INSTRUCTIONS FOR THE TASK | Transcribe the whole listing below. Pictures do not go in the copy.

GIVEN INFORMATION |
====

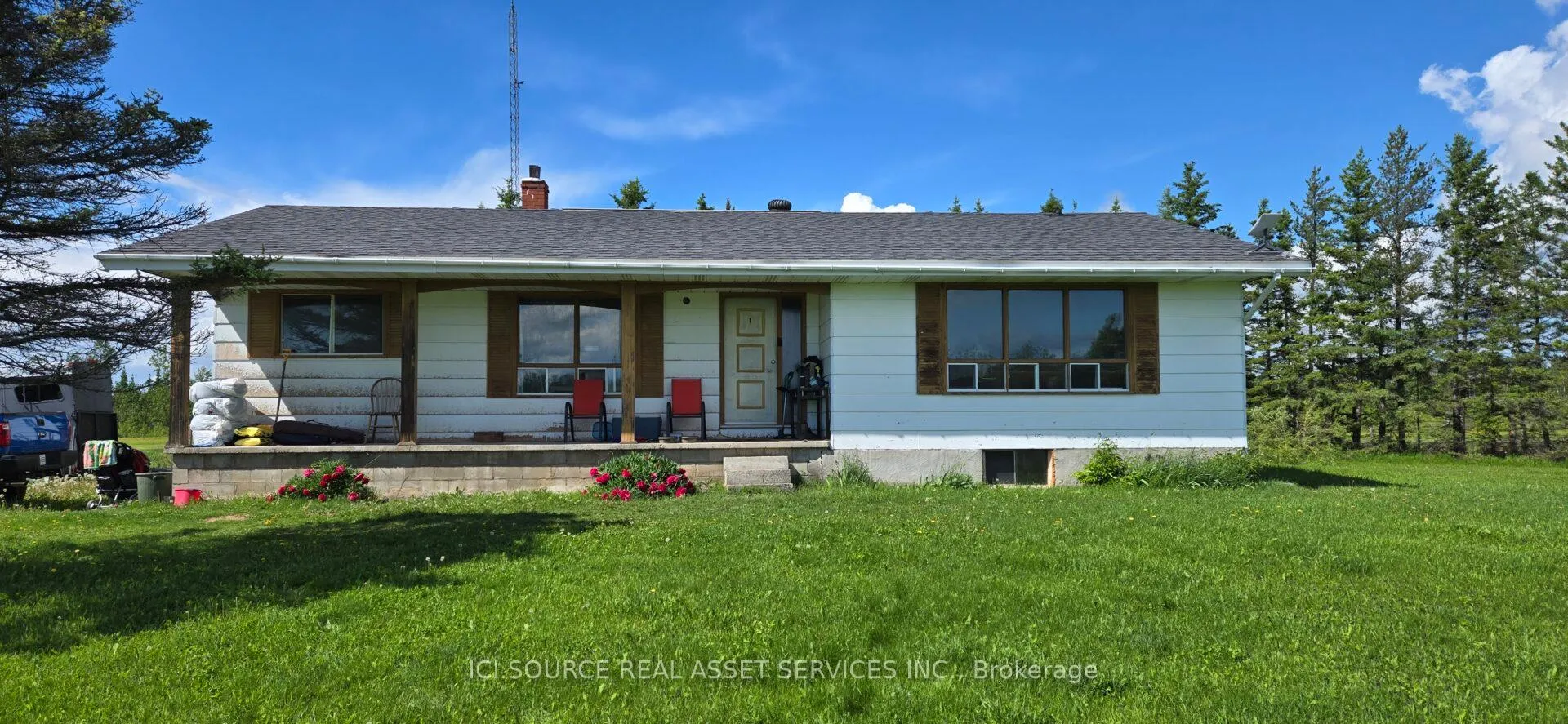 Photo 4 of 1527 Highway 11 W, Cochrane — HOMEH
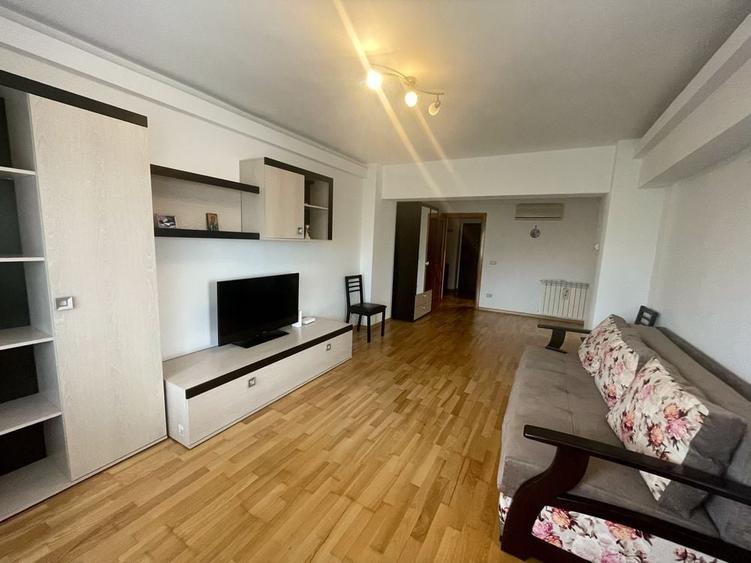 Apartament cu 2 camere decomandat în Ultracentral
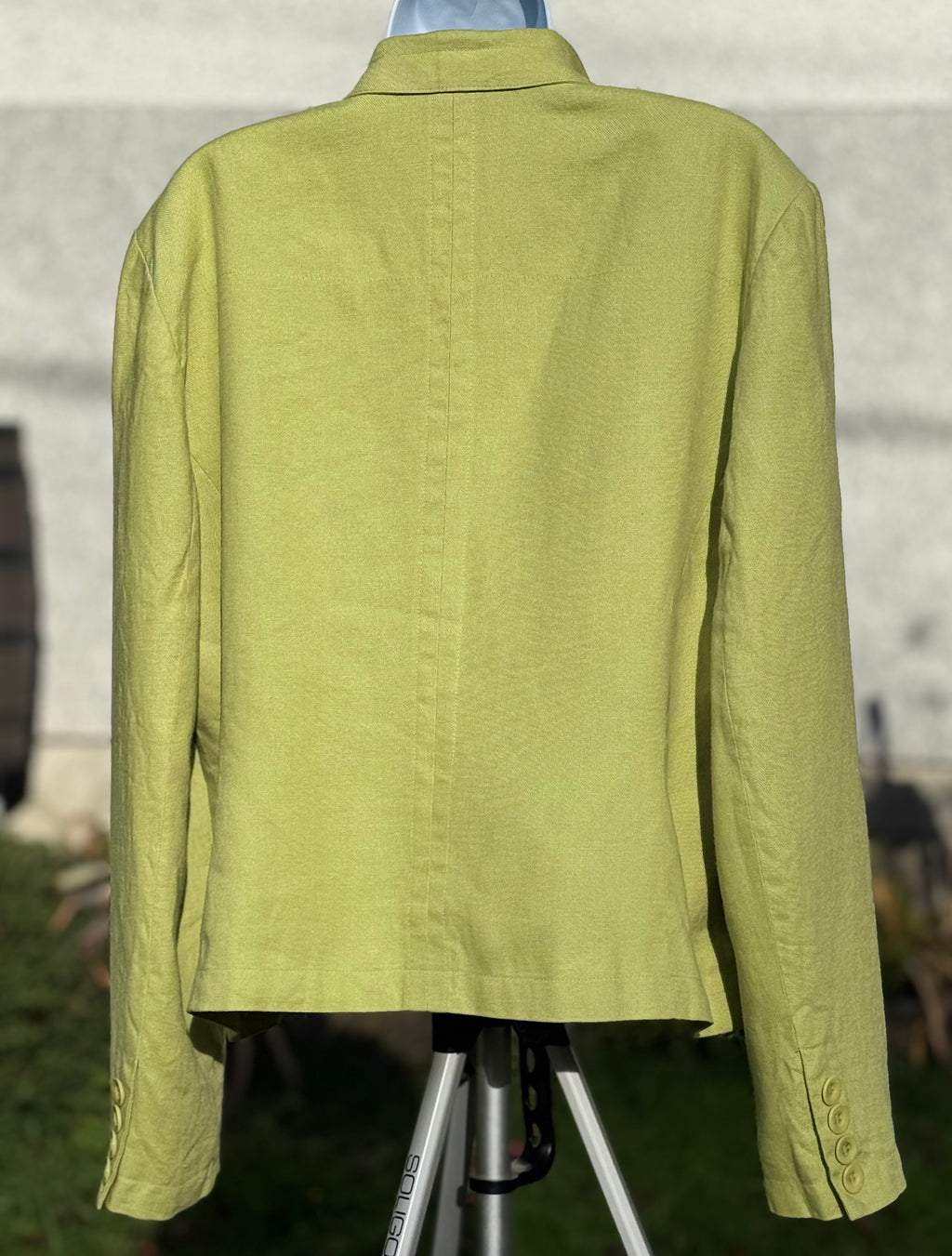 IRISH LINEN Blazer by TALBOTS - Consigned with VARDO Vintage & Valuables vvvardo.ca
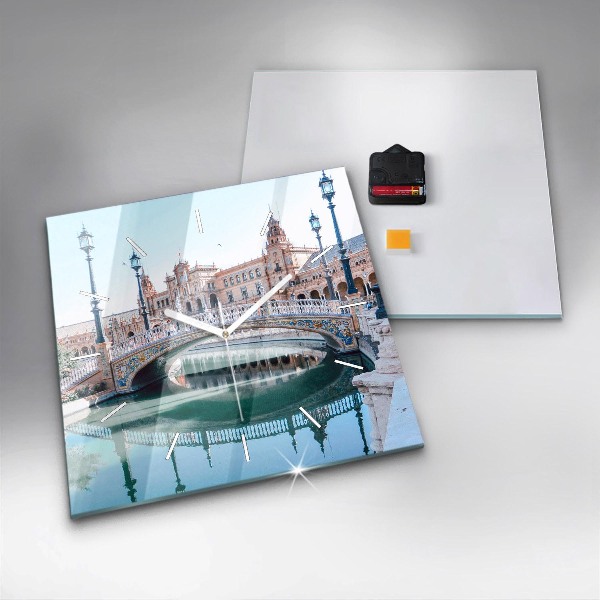 Szögletes fali üvegóra Plaza de Espana Sevillában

====

SOLUTION BELOW |
 Photo 4 of 1527 Highway 11 W, Cochrane — HOMEH
 Apartament cu 2 camere decomandat în Ultracentral
 IRISH LINEN Blazer by TALBOTS - Consigned with VARDO Vintage & Valuables vvvardo.ca
 Szögletes fali üvegóra Plaza de Espana Sevillában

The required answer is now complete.